A plethora of charities are amongst those calling for urgent reform to better protect women going through the family courts amidst the ongoing practice of domestic abuse perpetrators cross-examining victims.

28 women’s charities, solicitors, and survivors signed a letter addressed to Secretary of State for Justice Dominic Raab seeking to put an end to the “state-sanctioned abuse within court settings” that Farah Nazeer, Chief Executive of Women’s Aid, said women are still subject to, suggesting: “No one would expect a burglar to be allowed to question the person they held at knifepoint.”

The Women’s Aid chief said that, while the government’s commitment to end this practice in 2017 was welcomed, the charity “[remains] unconvinced these measures are protecting survivors of domestic abuse effectively”, adding:

“Without proper scrutiny, women are left unprotected, terrified and subject to further abuse.

We urge the Ministry of Justice to establish robust monitoring and evaluation to ensure the legislation is consistently implemented. The legislation must be extended to cover all child-contact cases in the system, not only those that have begun since July 2022, and we want assurances that enough qualified legal representatives are taking on this critical work.”

The letter has been sent ahead of the sixth anniversary of the government’s commitment to ban what the group have called an “abhorrent” practice.

The commitment, made in February 2017, was legislated only last year, in July 2022, under the Domestic Abuse Act and applied only to new cases, meaning that women already in the system have not been protected.

Other critical flaws identified by Women’s Aid include the fact that too few qualified legal representatives are signing up to undertake the cross examination in domestic abuse cases. Campaigners also highlight major concerns that without monitoring, there are no guarantees to ensure that the mandatory ban is actually implemented and suggests that without checks, perpetrators of domestic abuse can still/subject their victims to further abuse and trauma.

A 2020 report published by the Ministry of Justice identified “deep-seated and systematic issues” which impede and obstruct the family court’s ability to respond consistently and effectively to domestic abuse. The signatories to the letter call urgently for the full implementation of the harm panel’s recommendations to protect women and children experiencing abuse.

Jenny Beck KC, Solicitor and Director, Beck Fitzgerald, said:

“Until we properly tackle the ability of perpetrators to use the court process to abuse, access to justice will be compromised. The recommendations of the harm review need to be properly implemented with commitment to funding a process which is both trauma informed and keeps victims safe.”

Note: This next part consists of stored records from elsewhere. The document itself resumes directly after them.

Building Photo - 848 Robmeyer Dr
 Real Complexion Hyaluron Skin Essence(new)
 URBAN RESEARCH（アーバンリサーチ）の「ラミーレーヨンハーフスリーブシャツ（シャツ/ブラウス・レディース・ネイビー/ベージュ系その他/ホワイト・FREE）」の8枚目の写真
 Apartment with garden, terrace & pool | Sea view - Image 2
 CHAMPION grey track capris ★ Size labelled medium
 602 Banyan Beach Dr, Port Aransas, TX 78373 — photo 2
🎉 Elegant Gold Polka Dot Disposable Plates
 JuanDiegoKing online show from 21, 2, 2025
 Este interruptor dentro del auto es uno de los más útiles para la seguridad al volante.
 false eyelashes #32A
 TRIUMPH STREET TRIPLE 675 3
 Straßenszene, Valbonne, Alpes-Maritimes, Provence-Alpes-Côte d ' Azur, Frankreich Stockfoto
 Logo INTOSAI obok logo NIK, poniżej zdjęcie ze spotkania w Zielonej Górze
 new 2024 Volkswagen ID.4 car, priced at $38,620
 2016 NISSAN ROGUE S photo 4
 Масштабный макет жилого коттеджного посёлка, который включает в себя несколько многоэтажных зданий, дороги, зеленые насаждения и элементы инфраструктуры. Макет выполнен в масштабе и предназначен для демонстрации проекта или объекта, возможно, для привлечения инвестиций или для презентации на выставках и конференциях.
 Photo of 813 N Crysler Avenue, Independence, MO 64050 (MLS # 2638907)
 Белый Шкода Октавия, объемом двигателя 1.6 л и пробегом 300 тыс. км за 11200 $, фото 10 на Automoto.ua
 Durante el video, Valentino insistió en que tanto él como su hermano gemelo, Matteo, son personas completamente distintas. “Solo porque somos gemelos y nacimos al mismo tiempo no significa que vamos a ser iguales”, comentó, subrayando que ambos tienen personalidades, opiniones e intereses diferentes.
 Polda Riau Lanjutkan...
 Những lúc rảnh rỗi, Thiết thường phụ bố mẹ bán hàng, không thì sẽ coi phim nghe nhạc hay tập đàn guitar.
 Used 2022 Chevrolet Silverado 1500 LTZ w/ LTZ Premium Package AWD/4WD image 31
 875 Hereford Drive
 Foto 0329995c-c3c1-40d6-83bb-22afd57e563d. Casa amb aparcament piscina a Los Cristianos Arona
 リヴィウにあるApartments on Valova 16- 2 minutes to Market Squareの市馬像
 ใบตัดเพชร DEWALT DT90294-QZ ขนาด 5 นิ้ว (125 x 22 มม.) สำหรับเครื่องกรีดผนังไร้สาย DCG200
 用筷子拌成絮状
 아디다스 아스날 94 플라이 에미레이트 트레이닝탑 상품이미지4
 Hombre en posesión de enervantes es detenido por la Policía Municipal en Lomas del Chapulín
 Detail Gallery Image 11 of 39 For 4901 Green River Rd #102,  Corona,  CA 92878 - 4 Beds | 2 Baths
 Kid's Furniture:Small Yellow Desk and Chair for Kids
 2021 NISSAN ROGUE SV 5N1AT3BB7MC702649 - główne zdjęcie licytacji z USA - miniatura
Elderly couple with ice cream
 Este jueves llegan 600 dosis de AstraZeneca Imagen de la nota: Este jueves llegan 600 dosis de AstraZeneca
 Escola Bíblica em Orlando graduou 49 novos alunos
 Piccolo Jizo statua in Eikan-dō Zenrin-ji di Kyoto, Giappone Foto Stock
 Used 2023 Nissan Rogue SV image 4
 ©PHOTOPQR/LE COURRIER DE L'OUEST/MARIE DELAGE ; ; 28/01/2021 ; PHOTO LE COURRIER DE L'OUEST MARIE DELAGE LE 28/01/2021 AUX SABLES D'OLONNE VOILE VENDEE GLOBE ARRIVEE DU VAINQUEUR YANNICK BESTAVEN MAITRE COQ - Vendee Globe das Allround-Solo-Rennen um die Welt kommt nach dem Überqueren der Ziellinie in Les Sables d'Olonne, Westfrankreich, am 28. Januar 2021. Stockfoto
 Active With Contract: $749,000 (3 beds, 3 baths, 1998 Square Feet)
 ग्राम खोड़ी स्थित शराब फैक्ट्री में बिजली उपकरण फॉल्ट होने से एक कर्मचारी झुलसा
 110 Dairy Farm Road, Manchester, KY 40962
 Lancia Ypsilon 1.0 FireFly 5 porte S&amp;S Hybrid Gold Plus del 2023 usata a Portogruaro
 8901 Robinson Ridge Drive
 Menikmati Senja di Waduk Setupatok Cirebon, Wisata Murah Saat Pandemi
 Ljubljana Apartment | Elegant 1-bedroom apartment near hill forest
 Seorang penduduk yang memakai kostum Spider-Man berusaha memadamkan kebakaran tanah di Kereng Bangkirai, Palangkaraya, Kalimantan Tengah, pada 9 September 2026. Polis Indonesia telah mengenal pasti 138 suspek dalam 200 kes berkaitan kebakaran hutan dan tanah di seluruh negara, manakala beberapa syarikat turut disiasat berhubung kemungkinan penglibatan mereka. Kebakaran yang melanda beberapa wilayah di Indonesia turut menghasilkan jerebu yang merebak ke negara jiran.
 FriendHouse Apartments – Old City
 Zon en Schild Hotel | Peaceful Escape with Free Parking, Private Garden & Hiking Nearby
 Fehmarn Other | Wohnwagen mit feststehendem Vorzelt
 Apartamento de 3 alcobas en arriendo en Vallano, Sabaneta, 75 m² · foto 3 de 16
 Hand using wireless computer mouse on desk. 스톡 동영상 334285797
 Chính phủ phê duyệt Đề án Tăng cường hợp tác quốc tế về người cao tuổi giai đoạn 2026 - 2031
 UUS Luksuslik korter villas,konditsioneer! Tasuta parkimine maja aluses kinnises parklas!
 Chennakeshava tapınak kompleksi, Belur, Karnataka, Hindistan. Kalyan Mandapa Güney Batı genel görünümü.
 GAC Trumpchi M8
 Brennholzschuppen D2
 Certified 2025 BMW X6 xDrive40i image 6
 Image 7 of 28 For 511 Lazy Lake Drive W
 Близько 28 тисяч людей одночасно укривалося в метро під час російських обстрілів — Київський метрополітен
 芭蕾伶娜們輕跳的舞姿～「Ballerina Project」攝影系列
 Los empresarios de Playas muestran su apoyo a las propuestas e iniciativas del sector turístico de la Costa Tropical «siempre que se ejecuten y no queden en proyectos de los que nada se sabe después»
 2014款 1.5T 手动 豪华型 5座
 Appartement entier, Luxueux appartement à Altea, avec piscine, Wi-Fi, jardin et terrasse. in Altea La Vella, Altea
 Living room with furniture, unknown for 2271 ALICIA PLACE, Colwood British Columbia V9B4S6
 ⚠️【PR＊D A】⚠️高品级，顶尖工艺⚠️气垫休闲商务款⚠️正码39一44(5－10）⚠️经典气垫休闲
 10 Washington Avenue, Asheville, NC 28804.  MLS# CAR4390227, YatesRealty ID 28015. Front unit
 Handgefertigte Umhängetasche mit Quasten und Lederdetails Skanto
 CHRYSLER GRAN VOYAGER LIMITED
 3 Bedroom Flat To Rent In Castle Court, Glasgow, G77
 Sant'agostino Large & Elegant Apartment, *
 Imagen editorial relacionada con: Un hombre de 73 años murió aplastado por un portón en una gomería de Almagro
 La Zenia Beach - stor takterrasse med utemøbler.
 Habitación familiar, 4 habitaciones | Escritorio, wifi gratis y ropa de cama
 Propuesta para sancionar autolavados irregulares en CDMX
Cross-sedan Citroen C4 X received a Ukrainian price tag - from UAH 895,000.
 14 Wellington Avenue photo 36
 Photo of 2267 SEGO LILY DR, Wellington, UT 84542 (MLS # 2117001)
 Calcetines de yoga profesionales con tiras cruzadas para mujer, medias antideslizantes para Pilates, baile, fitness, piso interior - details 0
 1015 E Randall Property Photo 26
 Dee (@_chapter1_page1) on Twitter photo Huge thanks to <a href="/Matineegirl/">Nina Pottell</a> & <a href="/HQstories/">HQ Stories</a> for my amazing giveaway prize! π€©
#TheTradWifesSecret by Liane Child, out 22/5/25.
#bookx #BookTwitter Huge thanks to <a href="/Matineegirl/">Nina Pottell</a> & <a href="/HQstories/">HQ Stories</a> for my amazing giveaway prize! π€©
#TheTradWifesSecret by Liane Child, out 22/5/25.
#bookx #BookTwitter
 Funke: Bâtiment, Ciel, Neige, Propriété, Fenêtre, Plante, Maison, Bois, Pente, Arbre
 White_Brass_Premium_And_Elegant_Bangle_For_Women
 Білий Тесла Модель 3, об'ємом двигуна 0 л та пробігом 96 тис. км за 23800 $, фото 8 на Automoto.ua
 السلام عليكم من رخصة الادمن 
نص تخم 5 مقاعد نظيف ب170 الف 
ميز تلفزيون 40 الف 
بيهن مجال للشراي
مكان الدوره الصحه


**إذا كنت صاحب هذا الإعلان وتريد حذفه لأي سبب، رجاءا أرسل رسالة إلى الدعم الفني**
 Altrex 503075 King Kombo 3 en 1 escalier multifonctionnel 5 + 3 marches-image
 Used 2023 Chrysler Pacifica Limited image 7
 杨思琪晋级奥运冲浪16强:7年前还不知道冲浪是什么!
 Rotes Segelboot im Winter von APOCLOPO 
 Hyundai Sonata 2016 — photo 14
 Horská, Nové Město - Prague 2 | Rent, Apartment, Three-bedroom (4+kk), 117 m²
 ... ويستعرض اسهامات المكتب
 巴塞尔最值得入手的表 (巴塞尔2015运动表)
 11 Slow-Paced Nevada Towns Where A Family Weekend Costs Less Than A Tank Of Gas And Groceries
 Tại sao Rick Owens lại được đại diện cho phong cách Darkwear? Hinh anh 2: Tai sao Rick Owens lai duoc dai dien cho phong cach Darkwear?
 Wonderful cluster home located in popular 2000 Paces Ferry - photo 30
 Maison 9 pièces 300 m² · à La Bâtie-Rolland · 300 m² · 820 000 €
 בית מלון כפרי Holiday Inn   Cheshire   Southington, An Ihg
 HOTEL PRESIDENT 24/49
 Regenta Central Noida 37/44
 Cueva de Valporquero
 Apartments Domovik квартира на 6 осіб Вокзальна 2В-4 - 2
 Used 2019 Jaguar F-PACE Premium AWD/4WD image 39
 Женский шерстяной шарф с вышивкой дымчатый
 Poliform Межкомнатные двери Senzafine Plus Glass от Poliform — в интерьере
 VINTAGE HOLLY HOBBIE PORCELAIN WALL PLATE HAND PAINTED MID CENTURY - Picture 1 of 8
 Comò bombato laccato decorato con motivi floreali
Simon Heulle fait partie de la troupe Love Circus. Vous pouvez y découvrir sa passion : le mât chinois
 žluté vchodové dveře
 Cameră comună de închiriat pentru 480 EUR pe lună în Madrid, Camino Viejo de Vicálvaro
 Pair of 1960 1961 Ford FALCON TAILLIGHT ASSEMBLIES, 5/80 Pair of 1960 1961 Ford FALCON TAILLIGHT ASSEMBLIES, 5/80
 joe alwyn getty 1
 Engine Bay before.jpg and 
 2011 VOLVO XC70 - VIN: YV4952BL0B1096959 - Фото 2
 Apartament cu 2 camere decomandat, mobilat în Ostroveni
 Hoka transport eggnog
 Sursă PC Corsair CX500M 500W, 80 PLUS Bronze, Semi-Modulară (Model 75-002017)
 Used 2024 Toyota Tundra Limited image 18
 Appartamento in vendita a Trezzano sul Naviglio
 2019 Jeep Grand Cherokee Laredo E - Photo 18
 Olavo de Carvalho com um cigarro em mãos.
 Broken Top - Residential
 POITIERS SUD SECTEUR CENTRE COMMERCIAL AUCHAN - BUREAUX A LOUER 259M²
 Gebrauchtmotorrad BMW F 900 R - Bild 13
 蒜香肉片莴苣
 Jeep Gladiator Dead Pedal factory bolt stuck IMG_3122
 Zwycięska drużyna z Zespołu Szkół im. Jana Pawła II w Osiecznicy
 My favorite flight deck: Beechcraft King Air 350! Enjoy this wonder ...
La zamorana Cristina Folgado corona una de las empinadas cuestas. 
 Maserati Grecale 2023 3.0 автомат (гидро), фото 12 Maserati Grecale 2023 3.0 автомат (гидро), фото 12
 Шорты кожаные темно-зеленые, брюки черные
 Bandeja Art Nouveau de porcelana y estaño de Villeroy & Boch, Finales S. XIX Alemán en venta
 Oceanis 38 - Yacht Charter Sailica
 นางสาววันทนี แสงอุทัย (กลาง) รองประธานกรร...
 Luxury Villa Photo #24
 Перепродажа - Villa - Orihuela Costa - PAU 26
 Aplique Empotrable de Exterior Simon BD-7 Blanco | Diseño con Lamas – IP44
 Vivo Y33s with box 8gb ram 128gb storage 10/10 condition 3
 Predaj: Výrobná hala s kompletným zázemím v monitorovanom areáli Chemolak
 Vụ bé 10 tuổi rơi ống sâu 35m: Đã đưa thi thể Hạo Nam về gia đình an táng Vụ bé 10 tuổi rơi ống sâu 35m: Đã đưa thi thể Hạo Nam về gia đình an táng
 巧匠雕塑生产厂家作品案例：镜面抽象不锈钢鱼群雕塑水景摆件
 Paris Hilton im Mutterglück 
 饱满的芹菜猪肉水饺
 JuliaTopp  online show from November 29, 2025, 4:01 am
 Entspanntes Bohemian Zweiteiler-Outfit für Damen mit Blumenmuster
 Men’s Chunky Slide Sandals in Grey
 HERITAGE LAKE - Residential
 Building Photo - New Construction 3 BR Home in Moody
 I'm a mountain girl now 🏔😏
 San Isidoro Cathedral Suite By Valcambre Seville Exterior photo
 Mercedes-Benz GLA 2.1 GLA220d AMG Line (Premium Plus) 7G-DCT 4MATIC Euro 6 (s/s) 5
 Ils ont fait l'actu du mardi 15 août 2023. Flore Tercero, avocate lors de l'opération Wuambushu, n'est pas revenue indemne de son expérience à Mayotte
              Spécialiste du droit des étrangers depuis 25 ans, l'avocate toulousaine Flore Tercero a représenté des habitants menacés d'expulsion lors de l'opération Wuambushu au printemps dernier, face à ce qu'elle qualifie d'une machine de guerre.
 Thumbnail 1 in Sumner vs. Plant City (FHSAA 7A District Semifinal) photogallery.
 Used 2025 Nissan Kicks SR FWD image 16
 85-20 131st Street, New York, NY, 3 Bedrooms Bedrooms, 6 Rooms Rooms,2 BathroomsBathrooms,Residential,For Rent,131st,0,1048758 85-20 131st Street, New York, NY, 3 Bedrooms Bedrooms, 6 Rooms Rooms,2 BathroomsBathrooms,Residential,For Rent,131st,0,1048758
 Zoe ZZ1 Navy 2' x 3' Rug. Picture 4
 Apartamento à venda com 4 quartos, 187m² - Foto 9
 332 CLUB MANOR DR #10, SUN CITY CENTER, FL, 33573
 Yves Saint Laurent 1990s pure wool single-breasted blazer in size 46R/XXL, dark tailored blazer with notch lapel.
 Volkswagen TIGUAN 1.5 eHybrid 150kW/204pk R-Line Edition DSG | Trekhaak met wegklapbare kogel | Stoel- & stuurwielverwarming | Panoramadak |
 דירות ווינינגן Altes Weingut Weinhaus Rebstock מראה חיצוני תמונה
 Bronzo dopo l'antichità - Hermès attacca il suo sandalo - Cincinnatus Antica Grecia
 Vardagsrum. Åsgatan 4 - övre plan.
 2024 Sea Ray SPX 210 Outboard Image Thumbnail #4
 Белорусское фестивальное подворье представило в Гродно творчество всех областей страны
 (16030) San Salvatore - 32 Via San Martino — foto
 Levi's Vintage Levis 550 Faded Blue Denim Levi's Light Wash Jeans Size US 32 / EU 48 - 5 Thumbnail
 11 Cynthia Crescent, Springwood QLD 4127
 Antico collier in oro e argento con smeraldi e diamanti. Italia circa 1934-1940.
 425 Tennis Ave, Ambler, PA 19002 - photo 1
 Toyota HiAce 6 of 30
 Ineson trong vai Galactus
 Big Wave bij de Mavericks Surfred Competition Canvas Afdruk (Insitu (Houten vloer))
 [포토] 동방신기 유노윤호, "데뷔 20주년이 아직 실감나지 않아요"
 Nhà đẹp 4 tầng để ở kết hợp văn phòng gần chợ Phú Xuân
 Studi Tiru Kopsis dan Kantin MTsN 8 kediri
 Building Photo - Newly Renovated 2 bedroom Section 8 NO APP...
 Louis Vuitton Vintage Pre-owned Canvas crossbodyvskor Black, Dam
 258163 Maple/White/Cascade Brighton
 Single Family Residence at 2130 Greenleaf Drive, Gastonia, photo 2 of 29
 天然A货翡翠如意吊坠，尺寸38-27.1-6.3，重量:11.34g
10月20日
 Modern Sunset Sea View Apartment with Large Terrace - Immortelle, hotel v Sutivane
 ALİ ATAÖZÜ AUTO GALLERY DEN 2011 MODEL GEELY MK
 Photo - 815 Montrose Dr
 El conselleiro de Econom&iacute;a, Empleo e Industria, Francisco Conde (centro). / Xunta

Zoe Dronfield, survivor of domestic abuse, commented:

“I was cross-examined by my abuser, and it was worse than the attack by my ex-partner that almost killed me. To be branded a bad parent is the worst thing that can happen to a mother. I did not do anything wrong other than find myself a victim of horrific domestic abuse and violence, but I was dragged through the family court and cross examined by him to justify his abuse.

It is often used as a continuation of abuse right under the nose of a judge, yet victims can be goaded, triggered, and further traumatised.

This process allows perpetrators of domestic abuse to cross examine their victim in a court environment, which not only gives them a perceived power but allows them to legally continue emotional abuse of their victim which has a detrimental effect on their testimony. This is abhorrent and stands in the way of a right to fair justice.”